__Brief descriptive captions__.
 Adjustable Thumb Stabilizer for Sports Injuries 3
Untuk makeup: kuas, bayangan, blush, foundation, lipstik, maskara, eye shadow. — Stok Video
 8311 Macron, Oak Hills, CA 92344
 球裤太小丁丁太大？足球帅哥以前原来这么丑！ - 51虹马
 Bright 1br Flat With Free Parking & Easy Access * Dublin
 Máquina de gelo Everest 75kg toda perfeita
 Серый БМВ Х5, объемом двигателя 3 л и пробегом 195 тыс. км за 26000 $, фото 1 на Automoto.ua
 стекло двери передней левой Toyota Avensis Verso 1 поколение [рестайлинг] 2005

__How to complete this task__.
Look above for the line with "shadow. — Stok Video", then copy it and each later line exactly, stopping at the last line of the records.

__Response below__.
Untuk makeup: kuas, bayangan, blush, foundation, lipstik, maskara, eye shadow. — Stok Video
 8311 Macron, Oak Hills, CA 92344
 球裤太小丁丁太大？足球帅哥以前原来这么丑！ - 51虹马
 Bright 1br Flat With Free Parking & Easy Access * Dublin
 Máquina de gelo Everest 75kg toda perfeita
 Серый БМВ Х5, объемом двигателя 3 л и пробегом 195 тыс. км за 26000 $, фото 1 на Automoto.ua
 стекло двери передней левой Toyota Avensis Verso 1 поколение [рестайлинг] 2005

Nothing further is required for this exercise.